## Exercise
Word for word and without images, reproduce the listing that follows.

## Information provided
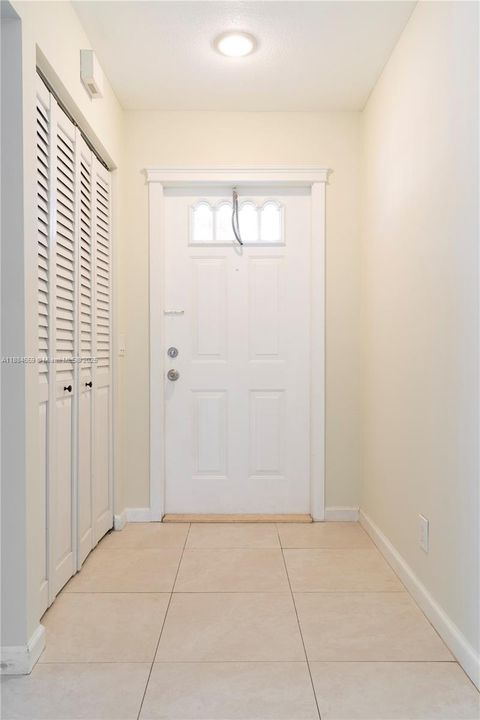 Activo con contrato: $2,700 (2 camas, 2 baños, 893 Pies cuadrados)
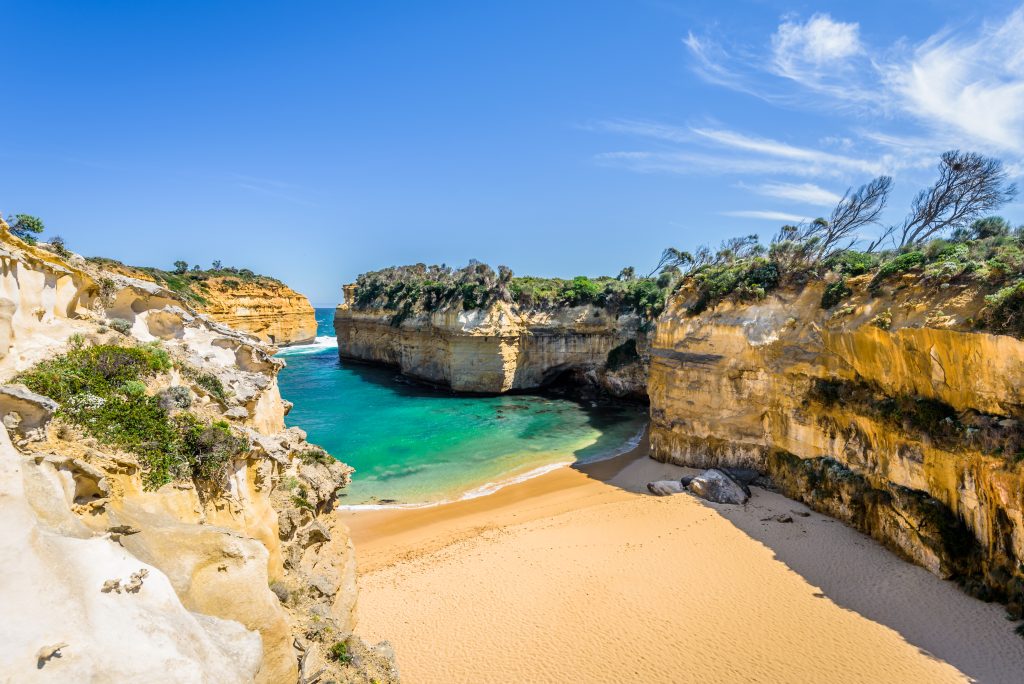 Bright,Sunny,Summer,Coast,View,To,A,Beautiful,Sandy,Beach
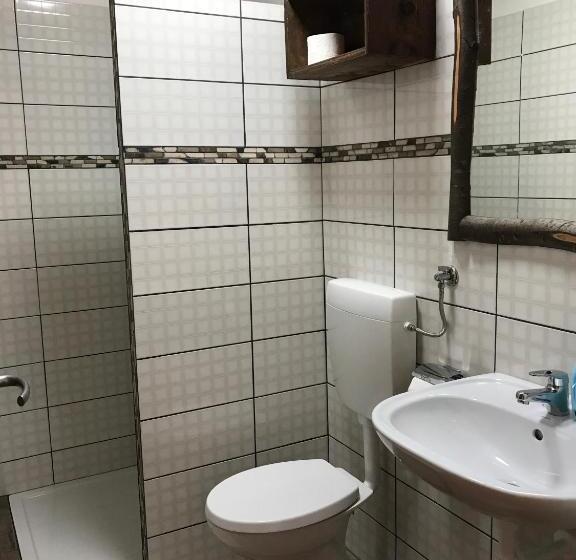 هتل Farmhouse Cvetje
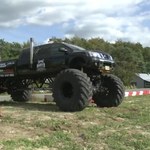 Polacy zbudowali największego na świecie monster trucka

## Your solution
 Activo con contrato: $2,700 (2 camas, 2 baños, 893 Pies cuadrados)
 Bright,Sunny,Summer,Coast,View,To,A,Beautiful,Sandy,Beach
 هتل Farmhouse Cvetje
 Polacy zbudowali największego na świecie monster trucka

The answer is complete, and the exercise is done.